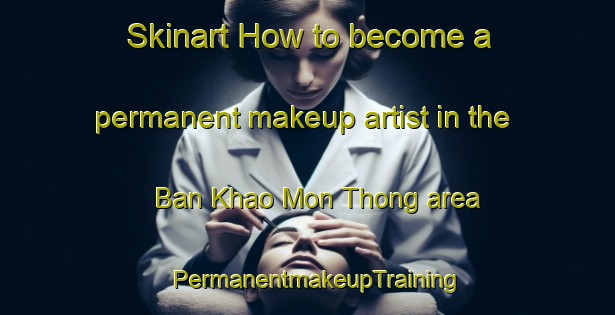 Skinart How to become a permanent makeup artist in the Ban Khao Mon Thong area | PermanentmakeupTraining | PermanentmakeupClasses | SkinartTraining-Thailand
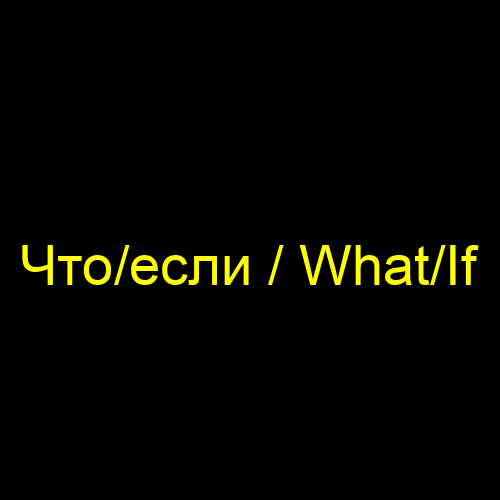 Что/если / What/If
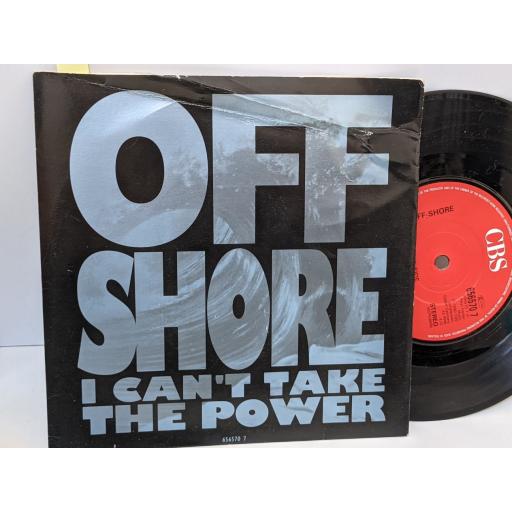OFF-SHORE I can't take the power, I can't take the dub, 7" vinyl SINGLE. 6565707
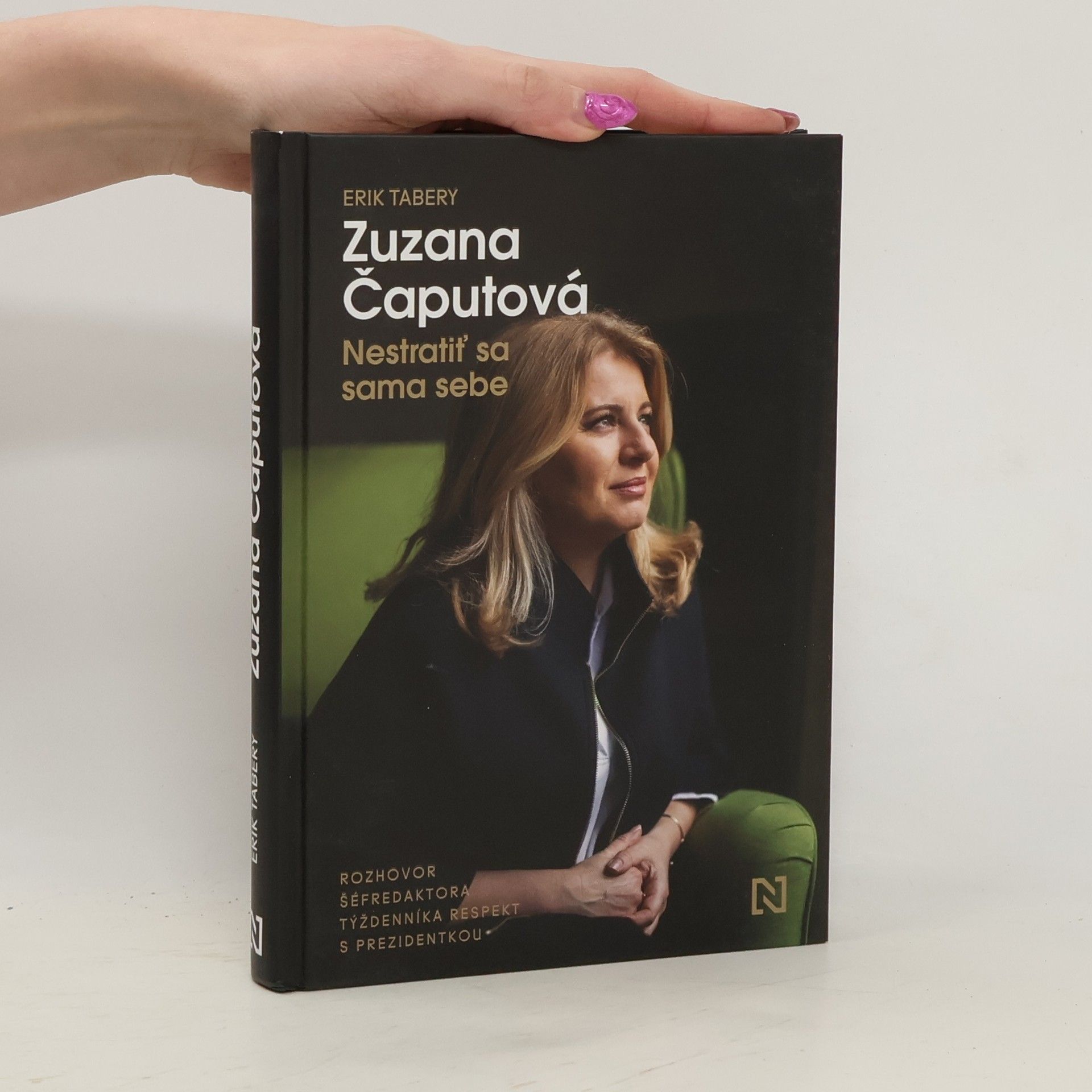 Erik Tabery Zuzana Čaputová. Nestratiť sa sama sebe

==

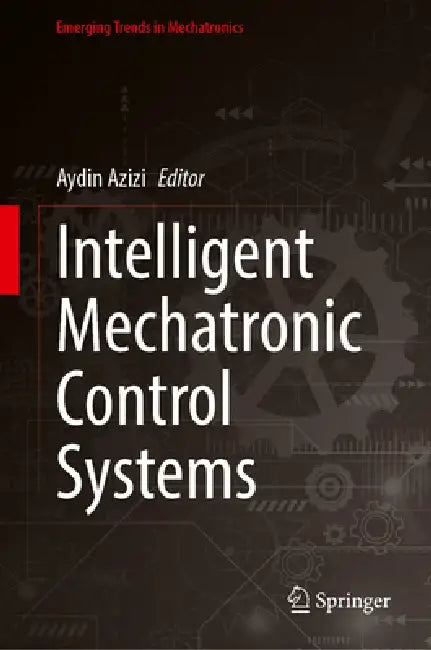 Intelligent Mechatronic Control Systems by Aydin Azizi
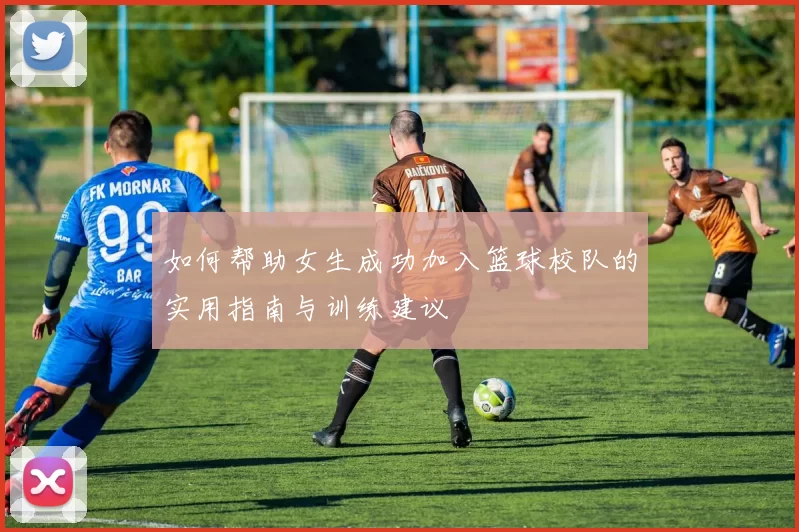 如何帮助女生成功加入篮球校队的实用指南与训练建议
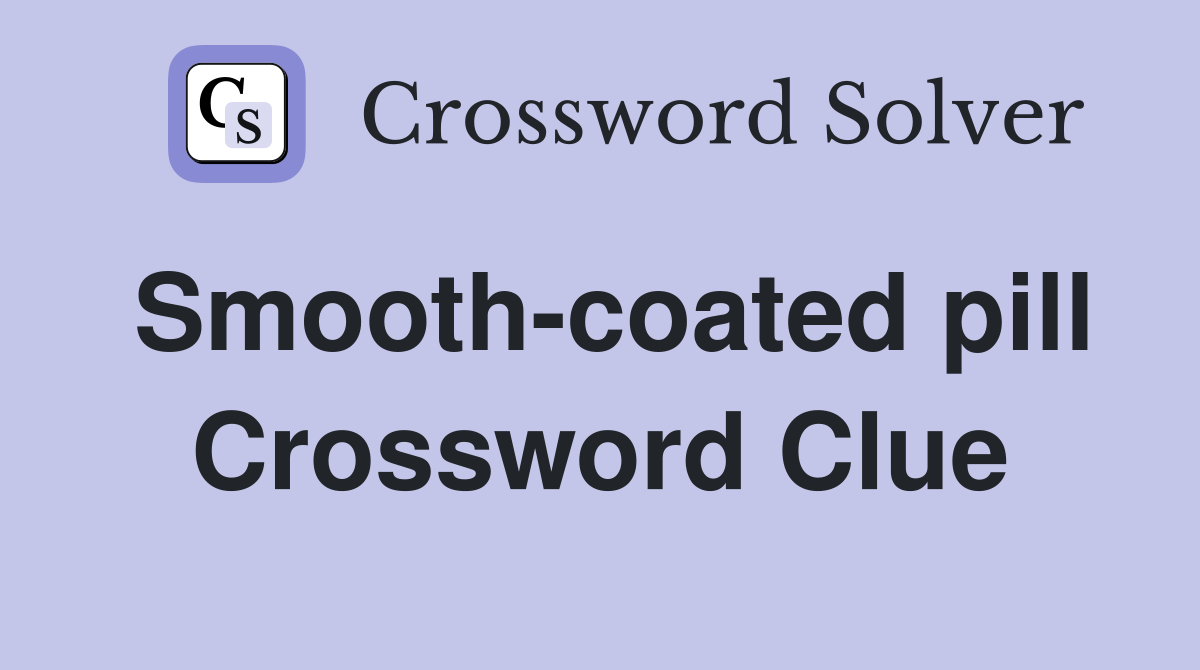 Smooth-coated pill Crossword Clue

...

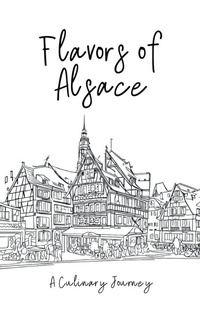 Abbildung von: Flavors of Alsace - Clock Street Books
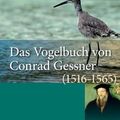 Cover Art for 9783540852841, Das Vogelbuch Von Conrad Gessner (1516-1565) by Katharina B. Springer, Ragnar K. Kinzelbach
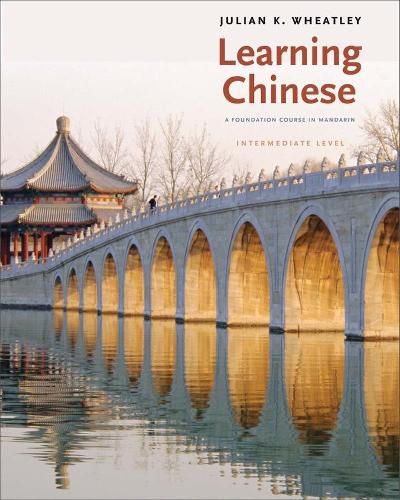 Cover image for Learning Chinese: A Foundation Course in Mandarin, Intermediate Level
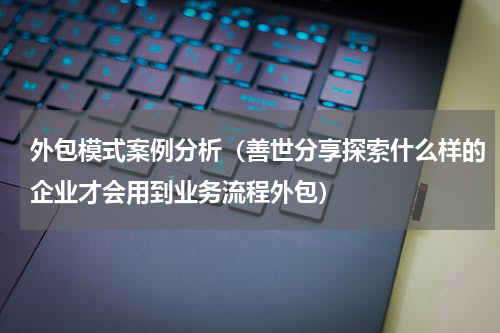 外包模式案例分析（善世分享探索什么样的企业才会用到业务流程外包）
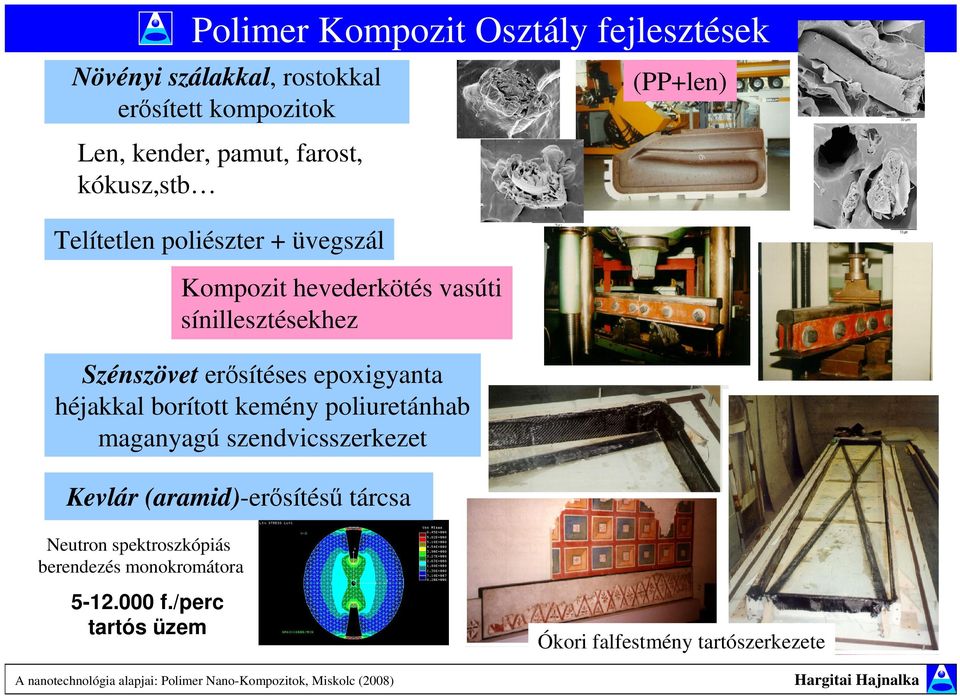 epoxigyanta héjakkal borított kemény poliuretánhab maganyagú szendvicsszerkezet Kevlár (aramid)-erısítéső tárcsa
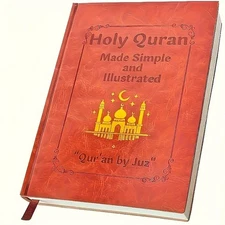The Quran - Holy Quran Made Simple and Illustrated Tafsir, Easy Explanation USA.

## About this task
When copying from the data above, begin at the line containing "Abbildung von: Flavors" and end at the line containing "The Quran - Holy"; return those lines exactly and leave all pictures behind.

## Written answer
 Abbildung von: Flavors of Alsace - Clock Street Books
 Cover Art for 9783540852841, Das Vogelbuch Von Conrad Gessner (1516-1565) by Katharina B. Springer, Ragnar K. Kinzelbach
 Cover image for Learning Chinese: A Foundation Course in Mandarin, Intermediate Level
 外包模式案例分析（善世分享探索什么样的企业才会用到业务流程外包）
 epoxigyanta héjakkal borított kemény poliuretánhab maganyagú szendvicsszerkezet Kevlár (aramid)-erısítéső tárcsa
The Quran - Holy Quran Made Simple and Illustrated Tafsir, Easy Explanation USA.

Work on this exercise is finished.